Barclay discusses the matter with Counselor Deanna Troi, who teaches him Betazoid meditation techniques to help calm himself. Transporter Chief Miles O'Brien provides Barclay with advice on dealing with his fears, relating his own fear of spiders. Barclay is safely transported to the Yosemite, where he helps the crew investigate. On his return trip, Barclay believes he sees wormlike creatures in the matter stream that attempt to approach him and touch his arm, but he materializes on the Enterprise without harm. He decides that he is suffering from transporter psychosis, a rare affliction. His paranoia forces Troi to declare him unfit for duty. Barclay asks O'Brien to review the transporter logs, and O'Brien agrees there was a strange surge during Barclay's transport. Barclay asks O'Brien to transport him again, recreating the surge, and Barclay again sees the creatures in the matter stream.

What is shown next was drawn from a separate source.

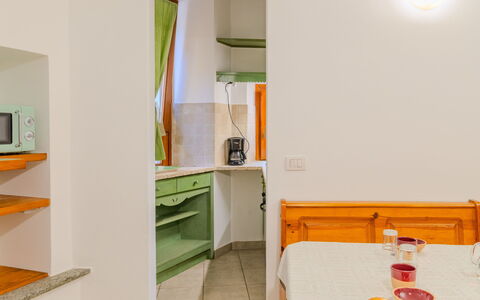 La Finestra sul Lago: Interior Design, Decke, Möbel, Flooring, Fussboden, Zimmer, Wohnung, Cabinetry, Küche, Countertop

Barclay calls a meeting with the senior staff and explains his observations. Captain Picard orders a thorough review of the transport systems and those that have used it recently. Barclay's arm is found to be out of phase, and further examination reveals microbes that were not detected by the biofilter. To remove the microbes, Barclay is put through the transport again, holding him in the matter stream for a longer duration to allow the biofilters to work. While in the stream, Barclay sees one of the creatures approach him and at the last moment reaches out to grab it to his body. When he materializes one of the missing Yosemite crew materializes alongside him. Barclay realizes that the remaining worm creatures in the matter stream are the missing crew members, who are then quickly rescued. The Enterprise crew determined that an explosion near the Yosemite during the transport caused the people to become trapped. Later, Barclay and O'Brien meet at Ten-Forward to discuss the nature of fear, and O'Brien shows a visibly frightened Barclay his pet spider Christina.

== Influences ==
This episode focused on exploring the fictional transporter technology of Star Trek, and technological phobias similar to the original series character Doctor McCoy who also tried to avoid using it when possible. Transporter accident episodes are a recurring plot device across the Star Trek universe. Writer Brannon Braga commented that the episode was inspired by his own fear of flying: “Certainly it was one of my most personal episodes. People around here say I’m Barclay. I hate flying and that’s where the idea came from. If I lived in the 24th Century, I’d be afraid to transport so I enjoyed exploring some of the deeper neuroses that Barclay had.”

== Releases ==
The episode was released as part of the Star Trek: The Next Generation season six DVD box set in the United States on December 3, 2002. A remastered HD version was released on Blu-ray optical disc, on June 24, 2014. The most recent release was the first on Blu-ray disc, which took place on June 24, 2014.